» **DESCRIPTION OF THE TASK**: The lines from the start of the records through the one containing "301 S WASHINGTON" are to be transcribed exactly, and nothing else.
<<<<
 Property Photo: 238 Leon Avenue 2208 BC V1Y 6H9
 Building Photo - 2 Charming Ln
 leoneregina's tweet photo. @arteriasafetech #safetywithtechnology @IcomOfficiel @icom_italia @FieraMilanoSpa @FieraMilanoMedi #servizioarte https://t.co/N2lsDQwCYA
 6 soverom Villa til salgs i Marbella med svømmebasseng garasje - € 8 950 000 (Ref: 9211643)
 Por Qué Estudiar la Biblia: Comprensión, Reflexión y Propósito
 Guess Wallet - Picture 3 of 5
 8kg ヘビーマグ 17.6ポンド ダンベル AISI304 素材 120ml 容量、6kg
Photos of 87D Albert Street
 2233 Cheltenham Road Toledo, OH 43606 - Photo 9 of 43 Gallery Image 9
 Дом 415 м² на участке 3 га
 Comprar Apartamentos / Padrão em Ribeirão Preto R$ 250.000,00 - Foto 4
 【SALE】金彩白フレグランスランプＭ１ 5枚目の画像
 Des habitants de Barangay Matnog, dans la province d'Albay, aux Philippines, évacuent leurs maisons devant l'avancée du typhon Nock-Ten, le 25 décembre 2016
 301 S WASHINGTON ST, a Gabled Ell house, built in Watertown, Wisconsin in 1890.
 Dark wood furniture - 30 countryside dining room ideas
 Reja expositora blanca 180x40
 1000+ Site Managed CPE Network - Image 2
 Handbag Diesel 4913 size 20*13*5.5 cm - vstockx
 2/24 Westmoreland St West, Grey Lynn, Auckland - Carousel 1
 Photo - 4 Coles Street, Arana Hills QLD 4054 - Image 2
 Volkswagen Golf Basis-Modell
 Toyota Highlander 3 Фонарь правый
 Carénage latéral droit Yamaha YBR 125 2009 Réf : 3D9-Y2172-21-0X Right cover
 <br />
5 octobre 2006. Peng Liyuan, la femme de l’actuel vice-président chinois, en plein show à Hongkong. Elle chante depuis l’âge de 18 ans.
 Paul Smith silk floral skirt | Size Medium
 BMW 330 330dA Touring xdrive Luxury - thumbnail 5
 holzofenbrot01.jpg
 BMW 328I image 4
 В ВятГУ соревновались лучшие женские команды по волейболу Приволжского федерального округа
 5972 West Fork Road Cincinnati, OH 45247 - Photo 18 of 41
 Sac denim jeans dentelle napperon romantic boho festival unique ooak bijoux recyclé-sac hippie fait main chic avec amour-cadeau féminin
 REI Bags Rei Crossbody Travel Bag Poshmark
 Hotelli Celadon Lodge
>>>>
» **REPLY TO THE TASK**:
 Property Photo: 238 Leon Avenue 2208 BC V1Y 6H9
 Building Photo - 2 Charming Ln
 leoneregina's tweet photo. @arteriasafetech #safetywithtechnology @IcomOfficiel @icom_italia @FieraMilanoSpa @FieraMilanoMedi #servizioarte https://t.co/N2lsDQwCYA
 6 soverom Villa til salgs i Marbella med svømmebasseng garasje - € 8 950 000 (Ref: 9211643)
 Por Qué Estudiar la Biblia: Comprensión, Reflexión y Propósito
 Guess Wallet - Picture 3 of 5
 8kg ヘビーマグ 17.6ポンド ダンベル AISI304 素材 120ml 容量、6kg
Photos of 87D Albert Street
 2233 Cheltenham Road Toledo, OH 43606 - Photo 9 of 43 Gallery Image 9
 Дом 415 м² на участке 3 га
 Comprar Apartamentos / Padrão em Ribeirão Preto R$ 250.000,00 - Foto 4
 【SALE】金彩白フレグランスランプＭ１ 5枚目の画像
 Des habitants de Barangay Matnog, dans la province d'Albay, aux Philippines, évacuent leurs maisons devant l'avancée du typhon Nock-Ten, le 25 décembre 2016
 301 S WASHINGTON ST, a Gabled Ell house, built in Watertown, Wisconsin in 1890.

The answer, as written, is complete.